Governance indipendente
Di sicuro la prima fondazione di partito volta sia alla promozione del dibattito politico e culturale dell’area attraverso borse di studio e ricerca sia alla formazione di classe dirigente sarebbe una assoluta novità nel nostro Paese, come ci spiega il direttore della Fondazione Giangiacomo Feltrinelli Massimiliano Tarantino. «La cosa più importante è l’indipendenza della governance – dice Tarantino – in modo da slegare l’attività culturale e di promozione del dibattito della fondazione dalle finalità elettorali contingenti. Gli strumenti sono un comitato scientifico autorevole e un collegio di garanti liberi da ruoli dirigenziali di partito. Il presidente onorario potrebbe anche essere il presidente del partito, ma dall’amministratore delegato in giù serve massima indipendenza. Solo così si creano le condizioni per un fondazione “diffusa”, vicina al territorio e agli amministratori, che parte dai bisogni concreti per diventare scuola permanente, generatrice di soluzioni come incontro tra teoria e pratica». Conservazione del patrimonio storico dell’area, promozione del dibattito pubblico su temi specifici, attività divulgativa nella cultura d’area democratica, ricerca, incontro e scambio tra chi fa politica e chi la vorrebbe fare, formazione di classe dirigente. Una fondazione che con le sue attività si rivolga (e coinvolga) persone che si riconoscono nell’area pur non essendo iscritte al partito. Nel caso italiano potrebbe raccogliere attorno a sé tutto ciò che non è destra, promuovendo i valori democratici.
Il finanziamento
Progetto ambizioso, certamente. E anche costoso. Il panorama italiano, dopo l’abolizione del finanziamento pubblico ai partiti decisa proprio durante i governi del Pd (era premier Enrico Letta) è molto diverso da quello tedesco. Per Tarantino la ricerca dei finanziamenti dovrebbe muoversi attraverso due direttrici: una rivolta alle filiere economiche, alle Pmi come alle grandi imprese, e l’altra direttamente ai cittadini. «Si può pensare alla riedizione del vecchio tesseramento – suggerisce Tarantino – spostato però dal mantenimento della burocrazia e delle attività del partito alla fondazione.
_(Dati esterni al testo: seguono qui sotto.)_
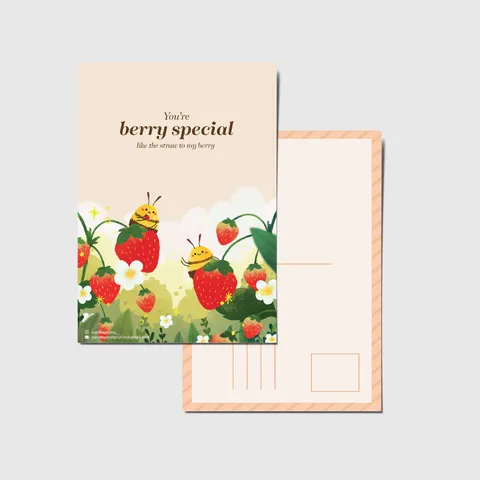 bee strawberry pcard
Un vero e proprio tesseramento parallelo rivolto a tutti gli elettori. Tra i cittadini che non intendono iscriversi al partito ce ne sono molti che sarebbero disposti a donare 5 euro, 10 euro o 50 per finanziare le attività della fondazione dell’area». Tra le finalità di una fondazione del genere, in fondo, c’è anche quella di far crescere la partecipazione pubblica: meno smartphone e più dibattiti su temi di attualità.